[Opening Provided data section]
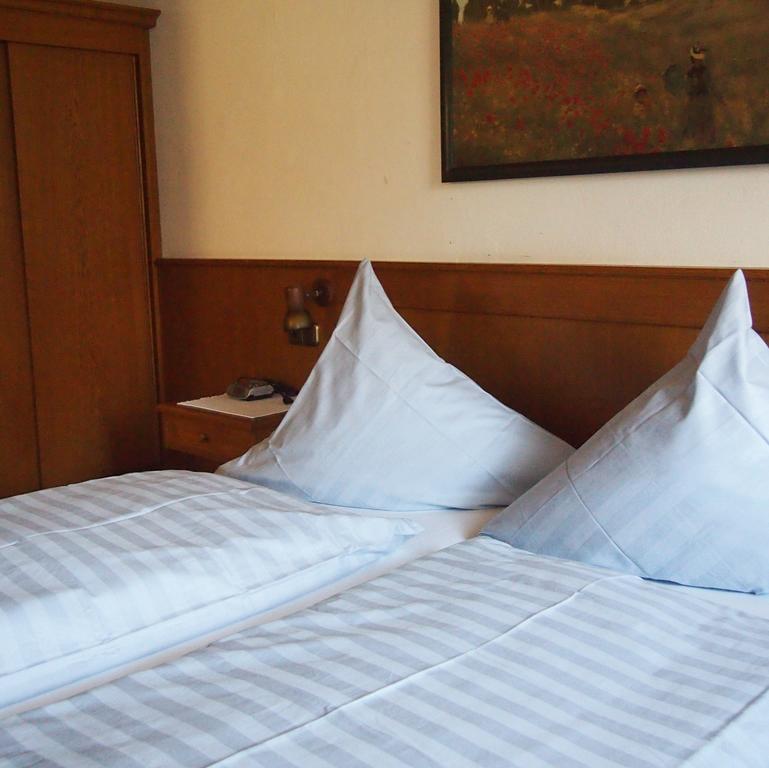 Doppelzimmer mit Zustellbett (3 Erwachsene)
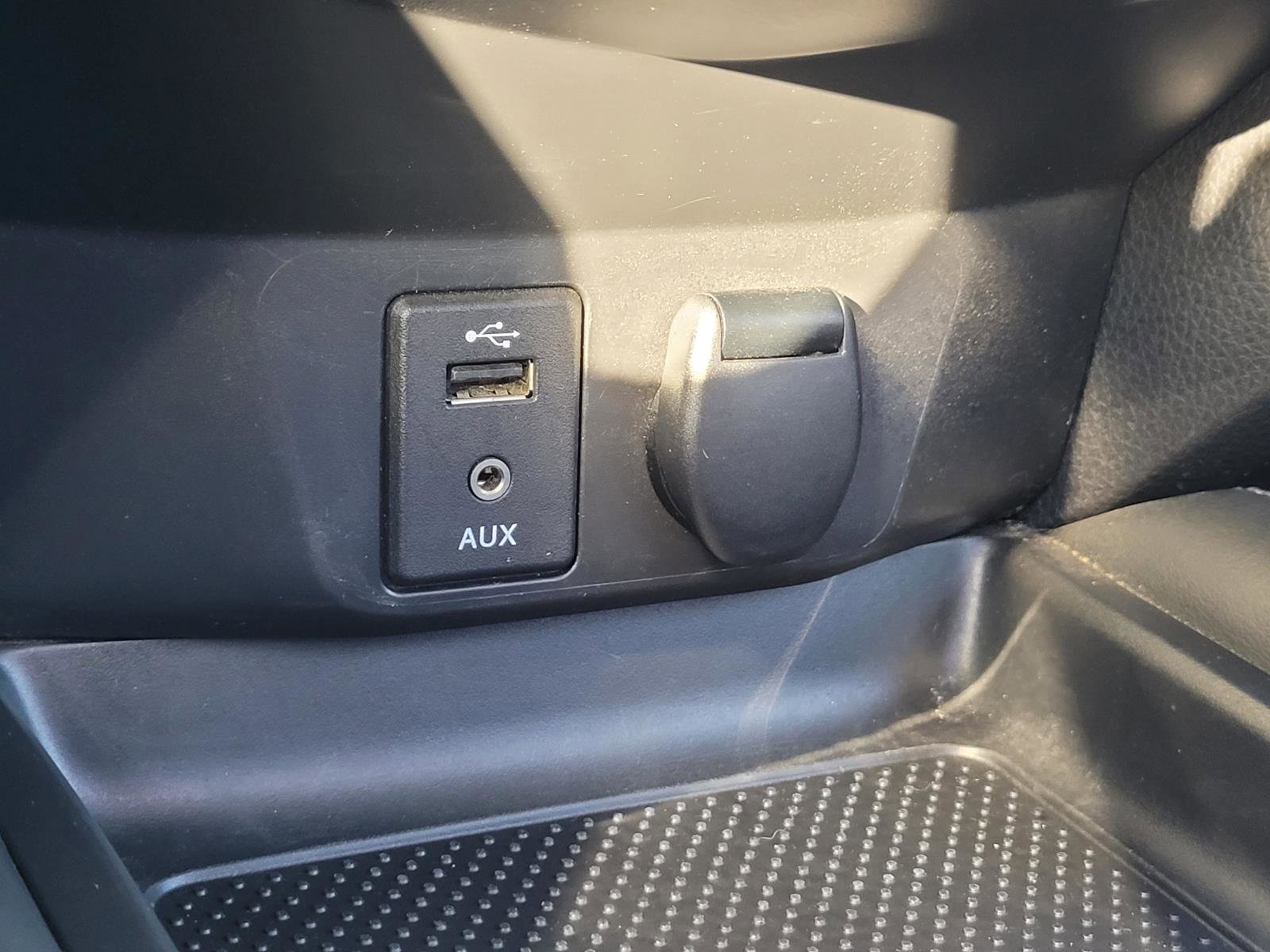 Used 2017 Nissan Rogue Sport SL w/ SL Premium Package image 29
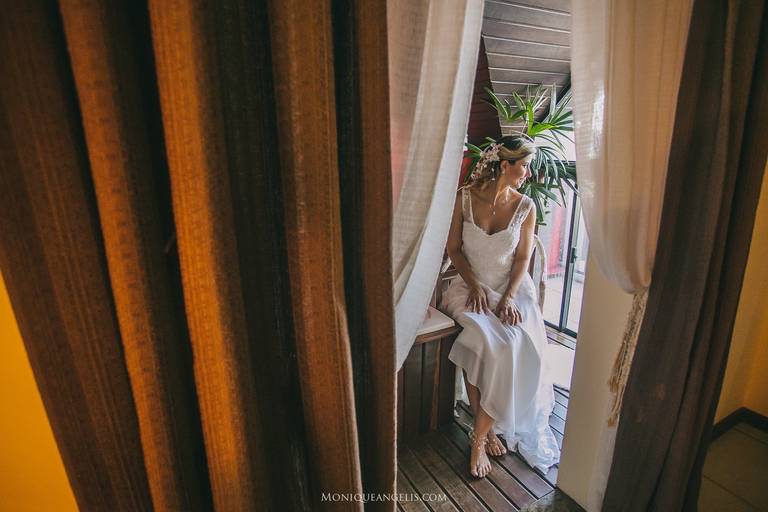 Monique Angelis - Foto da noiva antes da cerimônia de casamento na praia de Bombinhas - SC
[Closing Provided data section]
- To do: Reproduce the data word for word without its images.

- Answer to this exercise:
 Doppelzimmer mit Zustellbett (3 Erwachsene)
 Used 2017 Nissan Rogue Sport SL w/ SL Premium Package image 29
 Monique Angelis - Foto da noiva antes da cerimônia de casamento na praia de Bombinhas - SC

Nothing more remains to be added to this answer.